Offloading cognition is what one does when they use abstractions that other people made through intense cognition. And it's fine to do that; people can build great things with great abstractions. A woodworker doesn't have to design and construct a tool to make great things with it.

But developing the people [who can build great new abstractions or the people who can build those abstractions into ergonomic tooling] involves a lot of cognitive struggle through which these people learn how to push knowledge forward.

Forming the mental models for how things work takes struggle. Debugging errors in your code forces you to figure out the disconnect between your mental model and reality.

Claude can figure out most errors I show to it much faster than I can, but when we're building something I could build from scratch, I regularly find even Opus 4.7 regularly provides vastly overcomplicated and inferior solutions and I have to redirect it. I assume this is also the case when we're building stuff that's new to me and I just can't recognize all of the overcomplicated suboptimal solutions until I get to testing the behaviors I need to be correct. If I got a tool like this at the start of my career or education, I just don't know how I wouldn't end up completely stunted.

This is not just another abstraction. It is something fundamentally different because it is a jump away from deterministic, transparent processes to a probabilistic black box. It's not like a jump from orality to books to digital media, or hand written arithmetic to calculators to programs. These abstractions were solid and dependable and could be relied upon to tackle harder problems. This abstraction is beyond leaky.

The assumption that "that person understands the issue better than you" is bold when the best AI summaries will often give back completely false summaries on any given issue.

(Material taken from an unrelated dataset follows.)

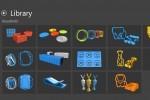 Microsoft 3D Builder app for Windows 8.1 bakes in native 3D printing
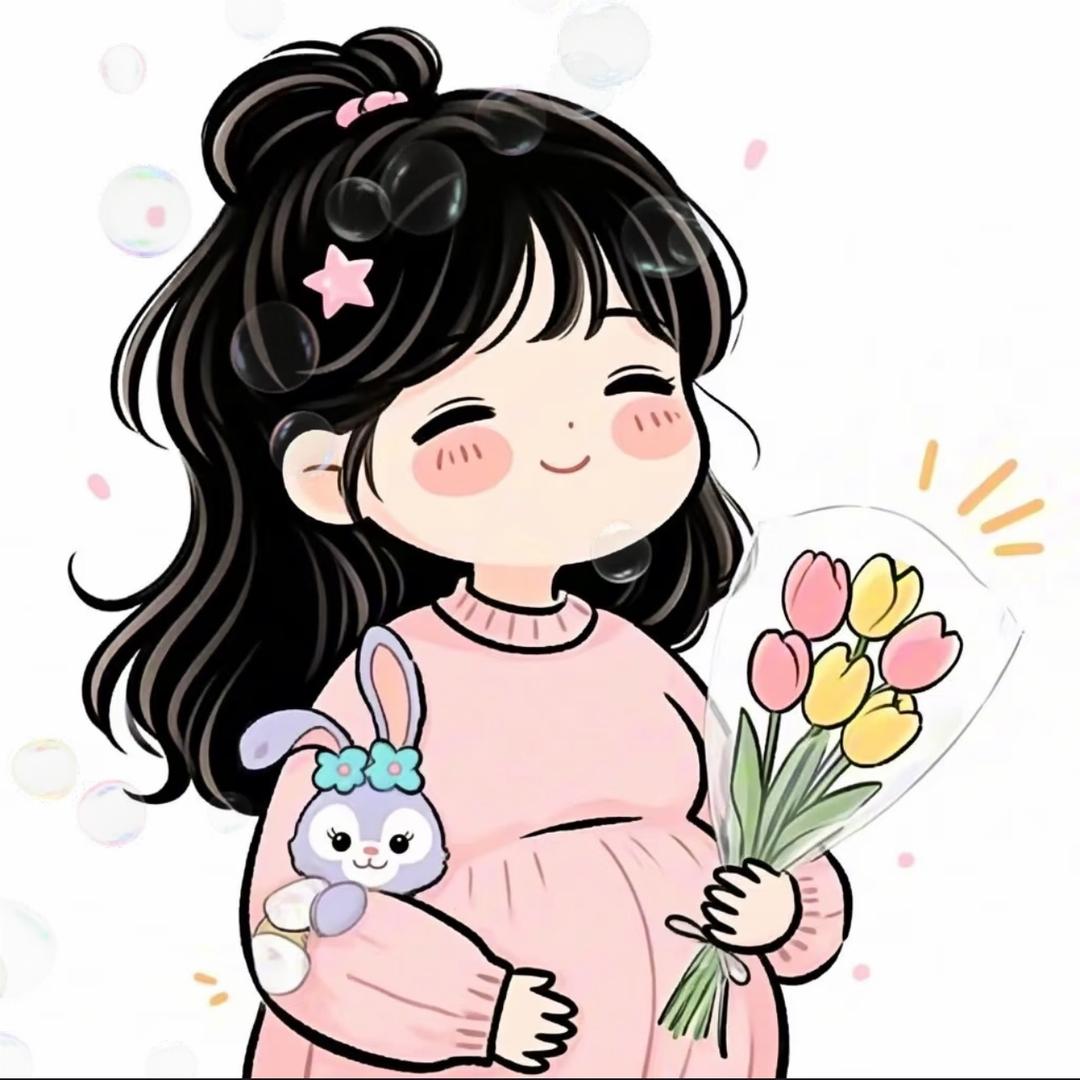小宋不吃肉（孕晚期）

You can make many of the same criticisms about television, or smartphones, or the internet. And indeed, all of those and many other technologies have had terrible effects. But the way to deal with that is to learn and teach how to use them responsibly, with conscious intent. It's certainly true that left to themselves, most people won't do that.

> These abstractions were solid and dependable and could be relied upon to tackle harder problems. This abstraction is beyond leaky.

Much like humans? This is an example of what I'm referring to. Unless you spend the effort to learn how to use the models effectively, you're going to have to wait until others do that for you. In the meantime, a disconnect arises because you're not seeing the benefits because you're not able to use them effectively. But other people are using them effectively and seeing significant benefits.